妹たちにも、それぞれの目白があって、とても一度では回り切れないね、ということになり、また、訪ねることにした。帰りがけに、古楽器ばかりを扱う音楽センターに寄って、リュートやらライヤーやらチェンバロに見とれてから、絵葉書を買った。ダンスをする人々、潮を吹くクジラ、チェンバロを弾く人魚、帆船。何やら見覚えのある図柄に、お店の人が、「みんなのうた」の楽譜にイラストを描いている人だと教えてくれた。Toshimi Yoshida。三人の選んだカードが全く違っていて、妙に納得。

私たちなりに、母を悼み、親族を慈しんでいる。冬の風に吹かれ、清々しかった。

「時の旅人」

英語クラスの流れで、アリスン・アトリー作「時の旅人」を読んだ、もちろん日本語で。扉一つで、その地にまつわる過去の人々と出会い、その歴史に身を置きながら交流を深め、今を生きる意味を掴みなおす、イギリス児童文学の金字塔だ。エリザべ女王統治の時代に、その脅威となったスコットランド女王メアリー・スチュアートの側に、参入した少女の話。

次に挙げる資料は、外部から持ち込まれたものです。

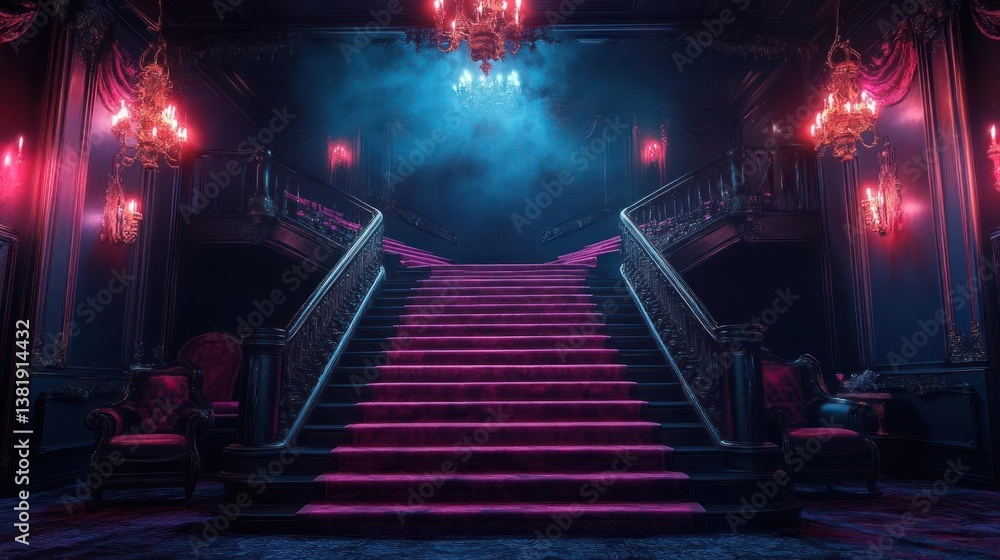 Aufkleber elegant interior with staircase and chandeliers illuminated by pink and blue lights creating a glamo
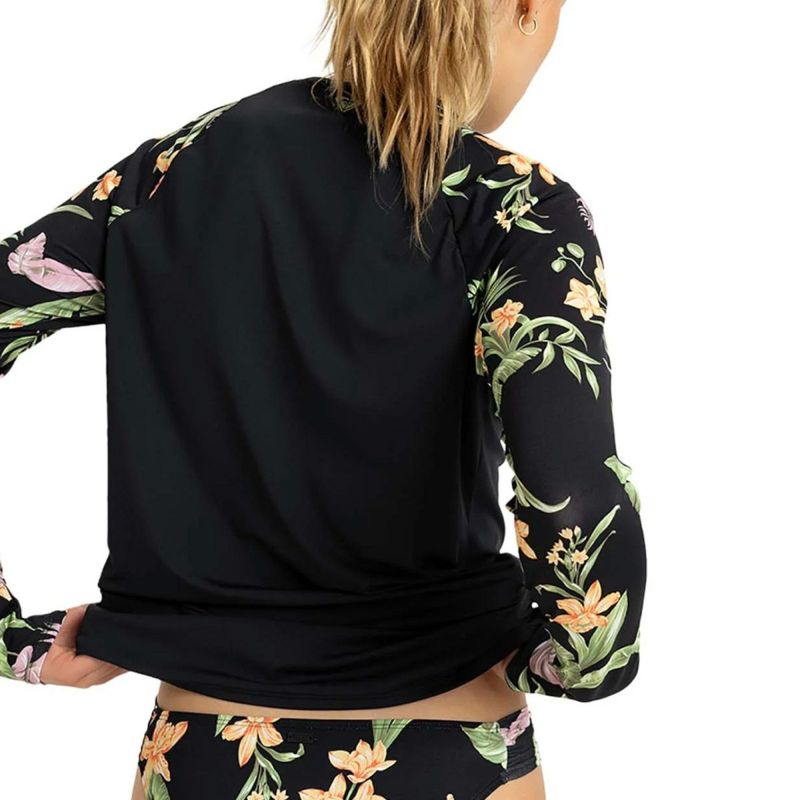 ロキシーROXYサーフィンサーフラッシュガードUVカットLSLYCRAラッシュガードBLACKボタニカル柄水着クルーネックGRJWR03038レディース女性25SP春夏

7年ほど前、ひょんなことがきっかけで、「自分の生まれ年の、丁度千年前って、どんな世界だったのだろう」と思い至り、以来、「952年」をキーワードに、図書館に通い始めた。見つけたのは、ビザンティン帝国の隆盛と約500年後の没落。コンスタンティノポリスを定点にして、東西南北に目を向けると、賑やかな世界史が広がった。果てに、時代をさかのぼり、古代ギリシャまで身近に迫ってきた。つい最近500年を迎えた、マルティン・ルターの宗教改革も守備範囲に入ってくる。

講師の作品解説を聞きながら、「時の旅人」が、私自身のように思えた。今、日本の東京にいて、母国語で様々な情報を得る幸せに、感謝する。この状況は歴史の中で稀有であること、と同時に、まだまだ「意図的に隠された」現実を暮していることを実感する。